Friday's Amlin challenge match was not one that was going to set off the sprinkler system; there was such a gulf in class between the two that you felt the term competitive match would not apply to this fixture. Leinster were utterly compelling in the way they unpicked the French side and once they got 21 points up, they faded, as usual, into a state of narcolepsy until they decided to finish off the match with a late try by Cian Healy – which underscored just how superior they were.
How would they overcome Stade? Intelligence or belligerence? A less-than-heady cocktail of both was required but they really did out-think Stade and figured out their defensive formations early on using old tricks from their old playbooks.

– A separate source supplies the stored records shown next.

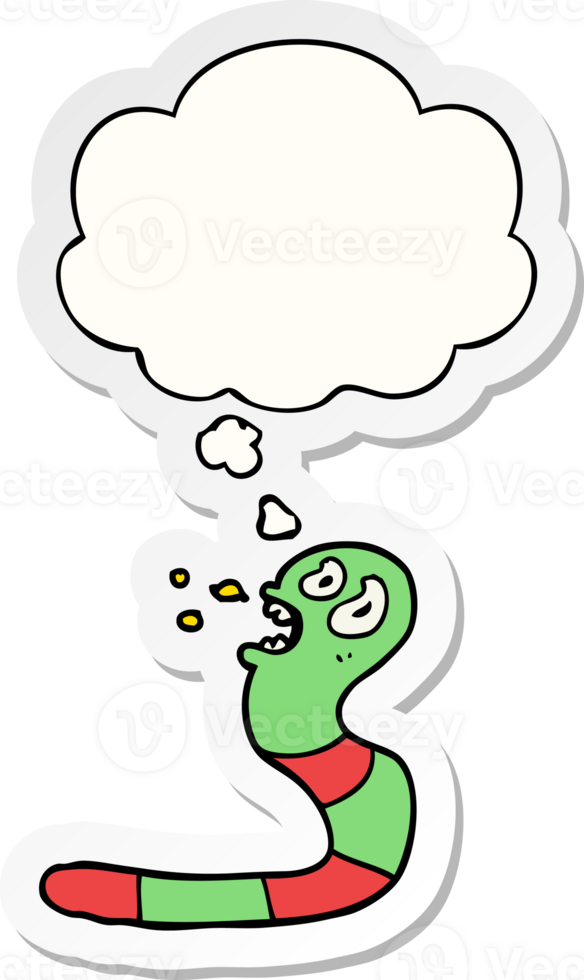cartoon frightened worm with thought bubble as a printed sticker png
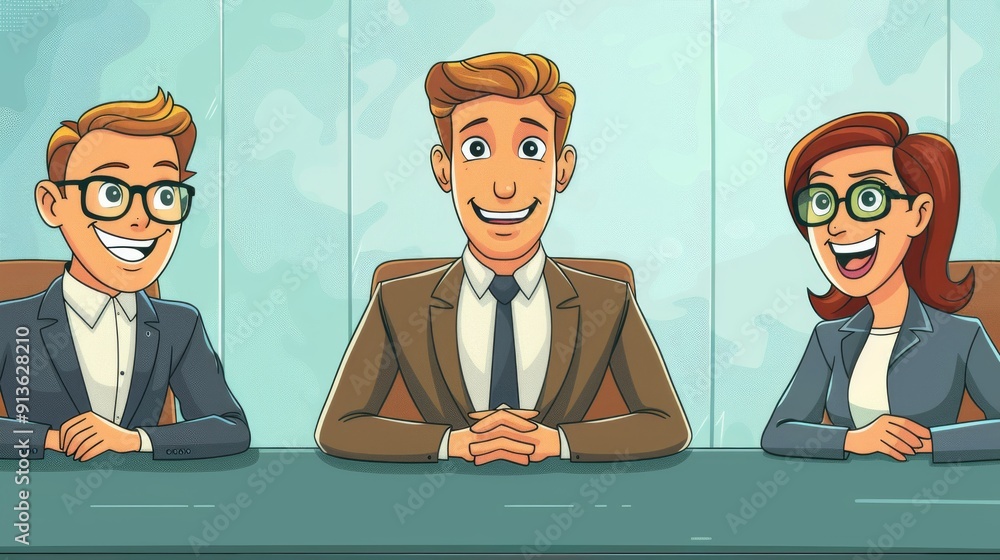 Poster cartoon vector team conducting a panel interview with a job applicant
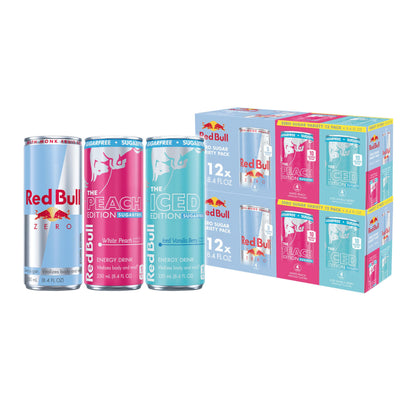 Red Bull Energy Drink SugarFree Variety Pack, Zero, Peach, Iced Vanilla Berry, 8.4 fl. oz, Pack of 12 Can
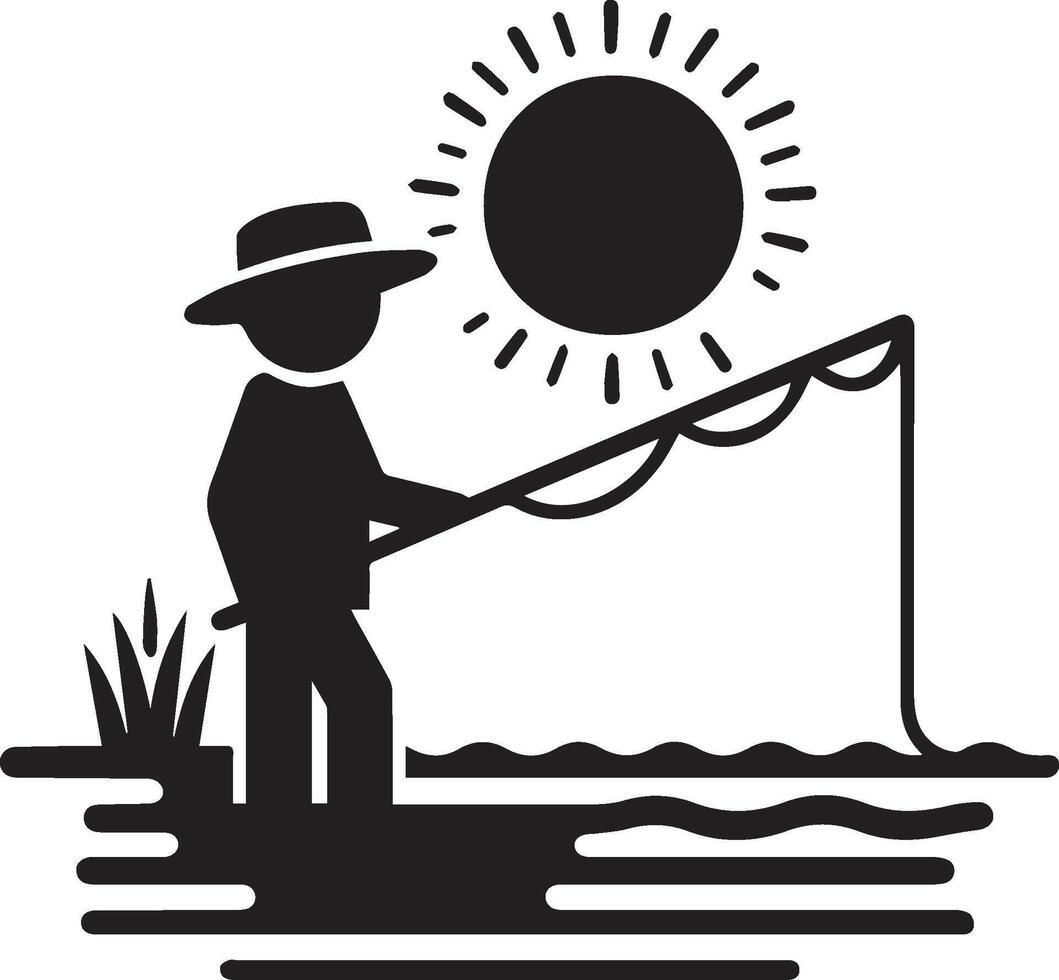 Serene Fisherman Casting a Line at the Lake vector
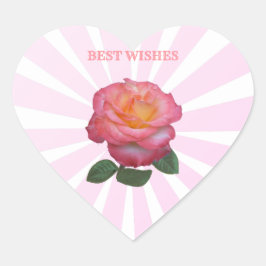 Mooie Roze Roos Hart Sticker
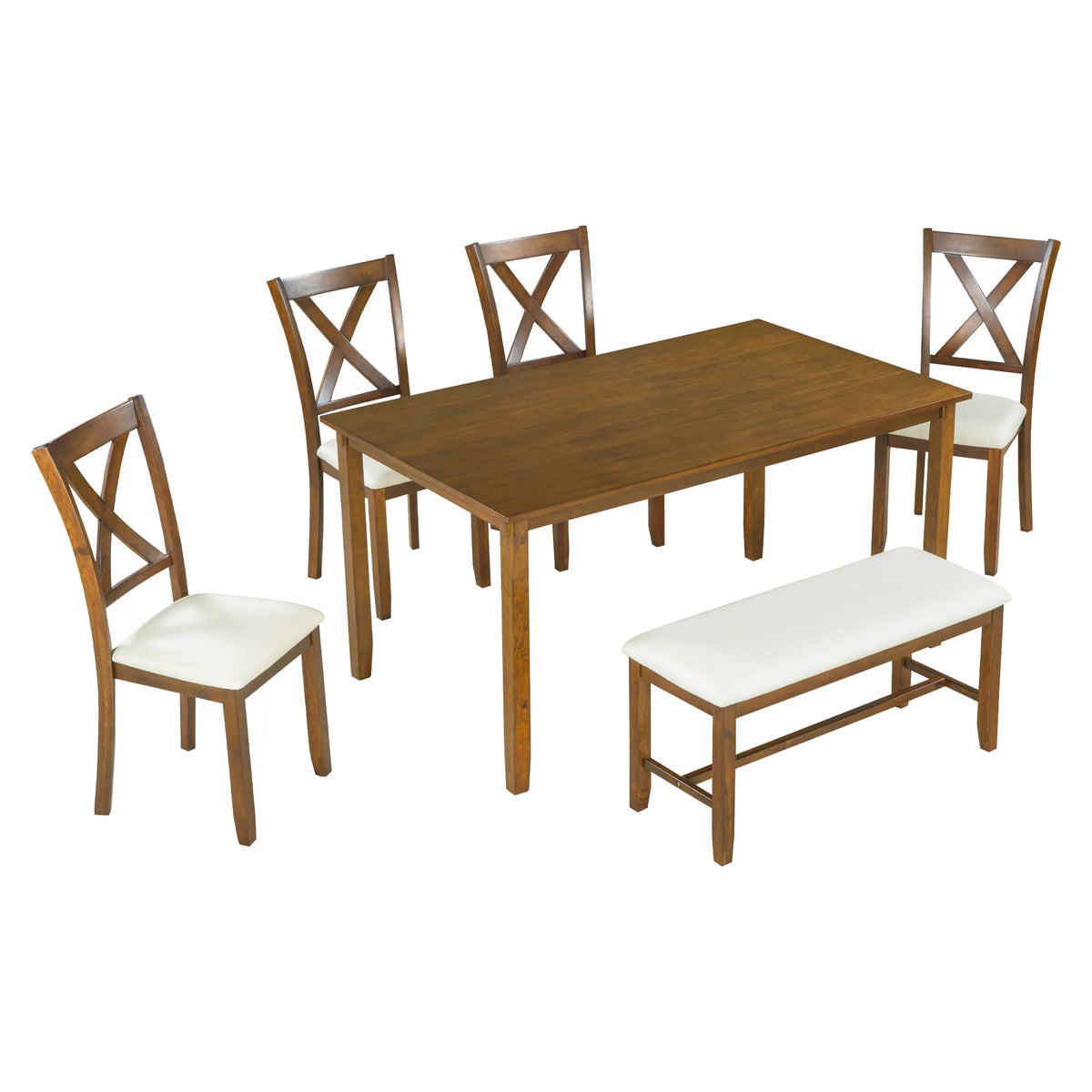 6-Piece Wooden Rectangular Dining Table Set with 4 Fabric Chairs and Bench W866699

My old buddy Gary Halpin, formerly of Manhattan College RFC, Wanderers, London Irish, Harlequins, Leinster, Esher and now Brecon, is a fantastic after-dinner speaker. He uses the same stories time and again because he moves around the place so often that nobody has heard his old jokes time after time. Leinster just looked at some of their old jokes, knew that Stade would not have been able to look back that far in their video analysis and cut them to pieces with a sort of surgical precision that they won't get away with against Ulster because the men from the North know all their old moves and all their new moves.
Joe Schmidt took a calculated gamble by introducing five or six starters who would normally be bench men. The reasoning, we were told, was that the Glasgow game drained the sap out of their more productive players and it would be far better if these guys only played 20 minutes. The hope was the match would be over by then and the reinforcements would not have to sweat gravy on the pitch. Leinster got away with it but they still had to put in a hard night's work.
The defence was much better than it was against Glasgow. This was because they were dealing with a different type of threat. Leinster's line speed was good but because they were still playing with the usual 40 per cent possession/territory and they had to make an awful lot of tackles – 138 in all, of which they missed 10 per cent.
Stade, though, had no structure and all their dangerous runners were hopelessly static when the ball came to them. The French side were frenetic and enthusiastic but with the obvious exception of their phenomenal captain Sergio Parisse, their forwards were not able to match Leinster's forwards when it came to ball-handling. They looked like a fire engine turning up to the wrong fire and all that energy was channelled into non-productive areas when in possession.
Neither were they helped by a pretty myopic performance from their young outhalf Jules Plisson, who had the air of somebody who had just stepped into an empty lift shaft. His range of vision was in complete contrast to that of Jonny Sexton and he rarely released his backs on an optimal basis, even when they looked a little bit more dangerous in the second half when Paul Warwick and Waisea Nayacalevu came into the game.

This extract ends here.